Asia Shares Hit 2007 Top Dollar Skids

Sydney: Stocks, bonds and commodities were all on a roll in Asia on Thursday, as bulls scented a softening in the Federal Reserve's confidence on inflation that promised to keep U.S. interest rates low for longer than some had expected.

MSCI's broadest index of Asia-Pacific shares outside Japan climbed 0.9 percent to heights not seen since December 2007. It has gained over 5 percent so far this month.

South Korea and Japan's Nikkei both added 0.2 percent, while Australia put on 0.3 percent. Stocks in the Philippines were at a one-year peak and Hong Kong's Hang Seng index added 0.3 percent to push above 27,000.


But worries about tighter regulations nudged China's blue-chip CSI300 index down 0.7 percent, though data showed a pick up in profit growth for industrial firms.

The latest rush for risk came after the Fed left U.S. rates unmoved as expected on Thursday, and tweaked its wording on inflation.

The market seized on the fact that the central bank noted that both overall and core inflation had declined, and it removed the qualifier "recently," perhaps suggesting concerns the slowdown might not be temporary.

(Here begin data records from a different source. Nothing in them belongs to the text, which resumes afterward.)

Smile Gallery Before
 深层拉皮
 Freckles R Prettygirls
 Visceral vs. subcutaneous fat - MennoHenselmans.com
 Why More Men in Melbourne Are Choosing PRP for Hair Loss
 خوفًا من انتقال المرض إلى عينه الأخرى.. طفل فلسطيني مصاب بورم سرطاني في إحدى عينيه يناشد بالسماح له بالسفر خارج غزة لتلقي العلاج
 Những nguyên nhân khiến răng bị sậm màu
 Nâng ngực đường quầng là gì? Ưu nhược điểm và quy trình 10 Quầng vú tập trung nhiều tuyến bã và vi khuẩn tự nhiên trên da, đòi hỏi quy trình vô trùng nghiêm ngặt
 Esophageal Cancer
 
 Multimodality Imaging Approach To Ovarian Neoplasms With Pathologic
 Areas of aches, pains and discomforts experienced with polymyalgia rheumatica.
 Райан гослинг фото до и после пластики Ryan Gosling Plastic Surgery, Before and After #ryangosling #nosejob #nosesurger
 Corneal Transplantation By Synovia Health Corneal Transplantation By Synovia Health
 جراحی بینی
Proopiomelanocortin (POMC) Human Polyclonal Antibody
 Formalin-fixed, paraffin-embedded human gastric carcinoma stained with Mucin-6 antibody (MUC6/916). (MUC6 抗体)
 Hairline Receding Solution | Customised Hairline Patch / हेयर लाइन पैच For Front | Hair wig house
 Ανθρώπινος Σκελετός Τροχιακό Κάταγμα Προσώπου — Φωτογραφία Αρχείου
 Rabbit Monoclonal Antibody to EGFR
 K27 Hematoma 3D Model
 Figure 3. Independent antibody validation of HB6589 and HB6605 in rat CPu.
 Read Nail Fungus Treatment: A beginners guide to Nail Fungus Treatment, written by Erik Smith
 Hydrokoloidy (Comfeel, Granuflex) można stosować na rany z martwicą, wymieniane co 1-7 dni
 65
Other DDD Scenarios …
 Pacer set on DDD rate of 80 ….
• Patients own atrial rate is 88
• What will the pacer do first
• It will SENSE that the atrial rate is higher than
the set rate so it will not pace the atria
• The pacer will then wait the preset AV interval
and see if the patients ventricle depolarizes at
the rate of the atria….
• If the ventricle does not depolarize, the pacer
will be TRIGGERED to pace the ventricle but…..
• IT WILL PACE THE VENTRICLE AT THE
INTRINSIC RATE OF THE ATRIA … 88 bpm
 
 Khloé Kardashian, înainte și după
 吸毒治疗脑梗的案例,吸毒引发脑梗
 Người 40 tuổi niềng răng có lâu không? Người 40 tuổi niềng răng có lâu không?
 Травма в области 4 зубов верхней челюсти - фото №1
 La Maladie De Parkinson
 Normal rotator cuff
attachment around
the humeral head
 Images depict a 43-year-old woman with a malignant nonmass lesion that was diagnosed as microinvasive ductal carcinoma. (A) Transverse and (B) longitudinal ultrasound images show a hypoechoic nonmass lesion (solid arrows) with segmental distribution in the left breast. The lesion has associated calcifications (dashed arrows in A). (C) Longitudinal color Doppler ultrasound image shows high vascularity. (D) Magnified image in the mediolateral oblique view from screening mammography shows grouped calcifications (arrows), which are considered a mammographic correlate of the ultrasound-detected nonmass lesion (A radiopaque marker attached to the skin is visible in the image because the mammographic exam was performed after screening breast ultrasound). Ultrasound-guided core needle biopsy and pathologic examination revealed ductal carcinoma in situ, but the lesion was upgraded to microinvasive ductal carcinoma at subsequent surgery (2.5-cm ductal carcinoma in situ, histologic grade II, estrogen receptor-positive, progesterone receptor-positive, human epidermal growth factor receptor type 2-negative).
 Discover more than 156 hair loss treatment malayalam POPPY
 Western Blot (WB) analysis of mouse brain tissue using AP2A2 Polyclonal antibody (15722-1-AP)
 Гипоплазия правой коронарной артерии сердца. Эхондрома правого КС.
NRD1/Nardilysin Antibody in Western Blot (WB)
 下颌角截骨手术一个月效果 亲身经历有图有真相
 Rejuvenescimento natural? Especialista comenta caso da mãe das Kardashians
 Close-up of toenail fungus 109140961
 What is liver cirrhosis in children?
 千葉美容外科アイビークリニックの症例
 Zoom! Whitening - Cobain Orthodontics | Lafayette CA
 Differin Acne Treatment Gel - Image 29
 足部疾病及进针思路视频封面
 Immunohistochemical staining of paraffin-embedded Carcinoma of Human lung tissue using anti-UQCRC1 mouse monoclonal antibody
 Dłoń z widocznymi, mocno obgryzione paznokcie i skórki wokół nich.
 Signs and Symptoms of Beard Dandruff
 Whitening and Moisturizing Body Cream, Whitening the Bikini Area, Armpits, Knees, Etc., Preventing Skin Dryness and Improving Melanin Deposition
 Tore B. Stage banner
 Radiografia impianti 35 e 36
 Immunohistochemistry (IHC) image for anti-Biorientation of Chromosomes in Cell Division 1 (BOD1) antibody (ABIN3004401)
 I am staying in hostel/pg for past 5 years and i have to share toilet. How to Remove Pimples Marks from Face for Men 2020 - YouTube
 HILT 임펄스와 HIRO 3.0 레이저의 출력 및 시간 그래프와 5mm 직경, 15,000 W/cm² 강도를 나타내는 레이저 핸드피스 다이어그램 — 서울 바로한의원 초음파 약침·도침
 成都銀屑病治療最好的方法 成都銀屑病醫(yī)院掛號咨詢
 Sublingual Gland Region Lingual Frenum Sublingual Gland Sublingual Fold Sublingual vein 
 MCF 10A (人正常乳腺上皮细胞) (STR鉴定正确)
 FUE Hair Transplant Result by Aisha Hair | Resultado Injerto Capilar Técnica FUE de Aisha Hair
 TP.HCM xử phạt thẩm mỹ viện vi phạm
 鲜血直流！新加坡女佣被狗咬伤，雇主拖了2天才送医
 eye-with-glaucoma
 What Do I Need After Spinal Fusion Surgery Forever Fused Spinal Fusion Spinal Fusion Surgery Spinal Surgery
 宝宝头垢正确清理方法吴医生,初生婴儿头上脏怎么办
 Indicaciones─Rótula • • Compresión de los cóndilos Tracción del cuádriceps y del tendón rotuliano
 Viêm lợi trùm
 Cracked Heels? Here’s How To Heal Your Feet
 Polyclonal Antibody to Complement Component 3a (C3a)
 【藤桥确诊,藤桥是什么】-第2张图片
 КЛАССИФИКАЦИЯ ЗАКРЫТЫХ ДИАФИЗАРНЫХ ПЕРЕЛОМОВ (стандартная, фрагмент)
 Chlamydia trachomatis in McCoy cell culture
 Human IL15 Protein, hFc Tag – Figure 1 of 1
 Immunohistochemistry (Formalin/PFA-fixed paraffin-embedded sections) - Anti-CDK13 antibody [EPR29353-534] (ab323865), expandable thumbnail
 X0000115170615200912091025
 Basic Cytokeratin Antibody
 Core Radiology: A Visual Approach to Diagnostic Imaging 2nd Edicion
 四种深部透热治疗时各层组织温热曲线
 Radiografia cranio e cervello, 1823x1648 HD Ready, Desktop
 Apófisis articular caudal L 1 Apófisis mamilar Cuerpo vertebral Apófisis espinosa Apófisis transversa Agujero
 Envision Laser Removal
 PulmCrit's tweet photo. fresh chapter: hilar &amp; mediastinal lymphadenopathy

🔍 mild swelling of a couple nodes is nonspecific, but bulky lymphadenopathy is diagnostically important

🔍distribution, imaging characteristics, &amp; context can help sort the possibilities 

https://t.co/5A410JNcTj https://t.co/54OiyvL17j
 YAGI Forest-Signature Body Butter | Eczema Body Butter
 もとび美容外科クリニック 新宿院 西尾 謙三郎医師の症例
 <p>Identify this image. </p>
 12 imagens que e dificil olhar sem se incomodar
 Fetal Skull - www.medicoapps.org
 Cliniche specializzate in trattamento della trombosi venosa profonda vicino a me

The Fed also said it expected to start winding down its massive holdings of bonds "relatively soon," cementing expectations of a September start.

While that would be an effective tightening in financial conditions it might also lessen the need for actual hikes in rates, which matter more for currency valuations.

"The dollar's biggest problem is it can't expect help from the Fed for a long time," said Alan Ruskin, global head of forex at Deutsche.

"In the short-term we are still in a risk-favourable loop, whereby subdued goods and services inflation supports a well behaved bond market and asset inflation. It's just another day in paradise."

A Reuters poll showed most primary dealers, the banks authorized to trade directly with the Fed, still see the Fed's next rate rise in December. But Fed funds rate futures are pricing in less than 50 percent chance of a hike by then, compared to more than 50 percent before the Fed's meeting.